Ketiga, upaya meningkatkan kualitas audit perpajakan seperti yang digalakkan dalam
setahun terakhir. Fiskus mulai ditekan untuk mencapai extra effort yang komprehensif,
tuntas, dan cepat. Fiskus dituntut menghasilkan produk audit perpajakan yang lebih
berkualitas dimana dengan satu upaya penegakan hukum sudah mampu merangkum
seluruh permasalahan perpajakan pada tahun tersebut. Hal ini dimaksudkan juga untuk
menghindari perspepsi masyarakat bahwa fiskus akan terus datang dan pergi hanya
untuk menggali kesalahan wajib pajak. Persepsi ini sangat berbahaya dan akan
membentuk wajib pajak yang retensif dan akan menghindari fiskus dikemudian hari.

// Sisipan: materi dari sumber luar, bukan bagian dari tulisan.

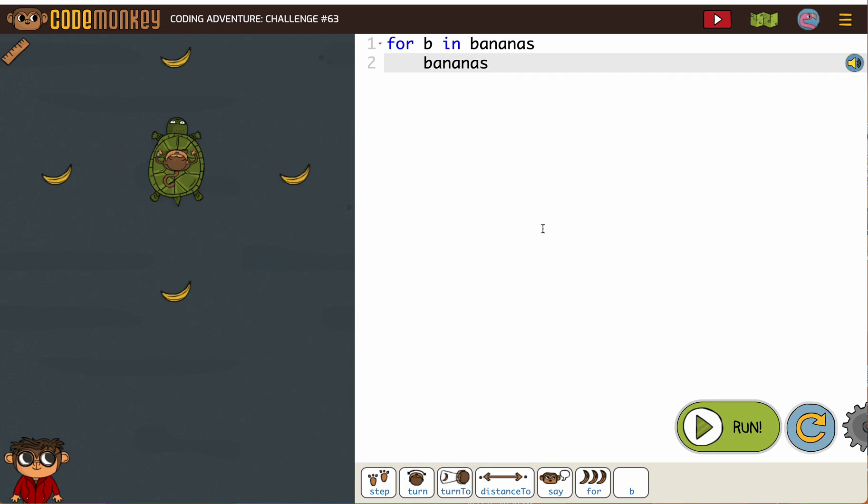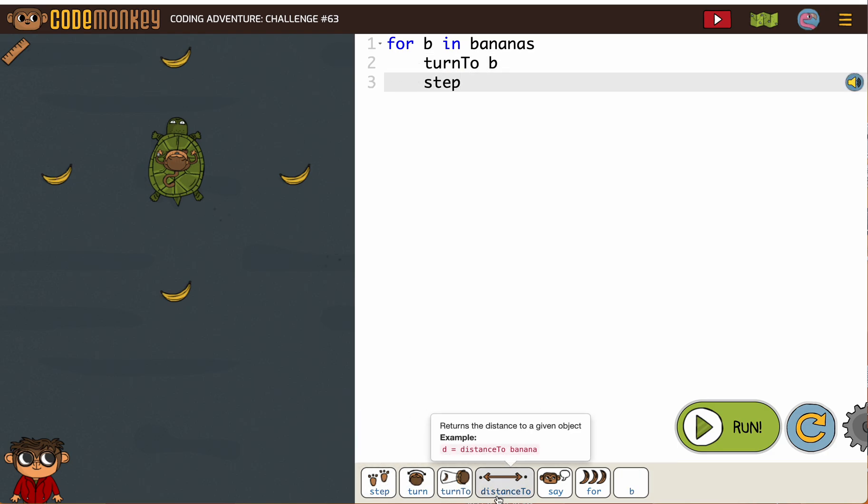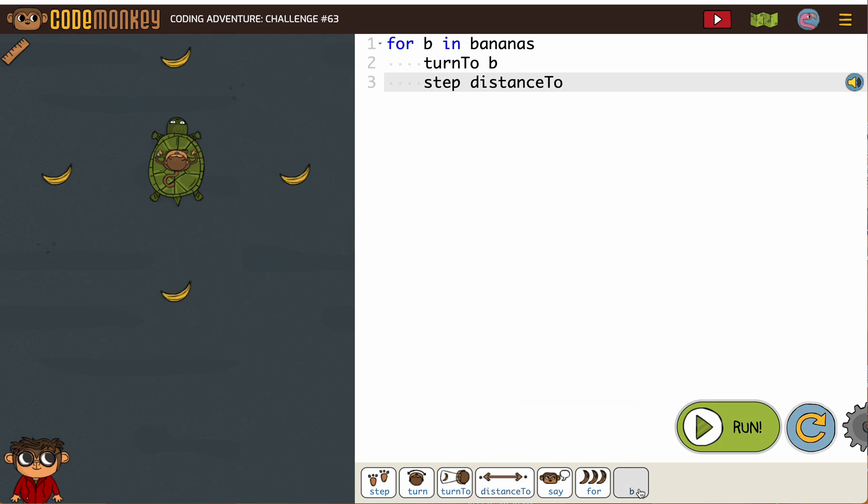What? I tried to rush it. And then we're going to turn to B. And we're going to step distance to B.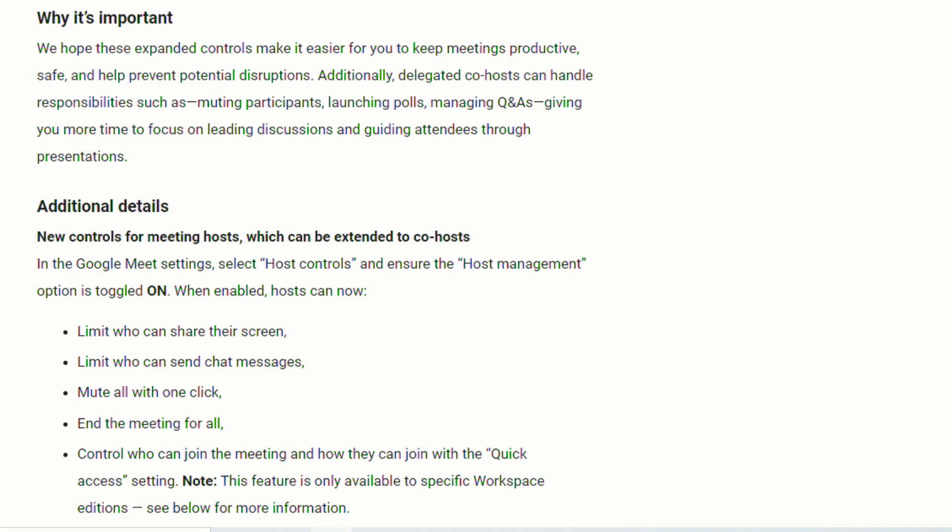And just for a little bit more information, in case you're wondering what abilities the co-host has, the co-host can mute participants, they can launch polls, they can manage questions and answers, and again, like I mentioned earlier, that gives the teacher more time to focus on the discussions and the teaching and guiding attendees through presentations. So it gives other adults the ability to kind of do some of those administrative functions.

Pada saat pemerintah berfokus pada pelayanan sejak tahun 2007, kualitas hasil audit
perpajakan sangat bersifat parsial dan akibatnya kesalahan wajib pajak akan terus digali
di tahun berikutnya karena tidak tuntas. Bukan hal yang aneh bila wajib pajak akan
mendapatkan himbauan, teguran, hingga surat paksa atas kesalahan tahun pajak yang
sama namun terbit dalam beberapa tahun.
Target tax ratio sebesar 16% pada tahun 2015 ini, tentu menjadi capaian yang berat
ditambah DJP sudah lebih dulu salah langkah dalam mengambil kebijakan. Fokus pada
pelayanan yang tidak diikuti dengan dua langkah lainnya ternyata berdampak buruk dan
terakumulasi ditahun berikutnya. Jika DJP ingin segera berbenah tentu saja pelayanan
perpajakan, upaya meningkatkan potensi keterauditan, dan peningkatan kualitas hasil
audit harus bersamaan dijalankan dan tidak bersifat parsial. Ini untuk menghindari hasil
edukasi yang tidak optimal dan persepsi negatif wajib pajak. Perbaikan ini masih sangat
mungkin dilakukan, dengan syarat ketiga hal tersebut diatas dilakukan bersamaan dan
simultan.
Referensi
Alm, James; Jones, Michael L.; and McKee, Michael. 2007. Taxpayer Services And Tax
Compliance. USA: Economic Faculty Publications.
Amin, Hidayat. 2014. Potensi Pajak Dan Kinerja Pemungutannya. Jakarta: BKF.
Asian Development Bank. 2009. Indonesia Critical Development Constraints.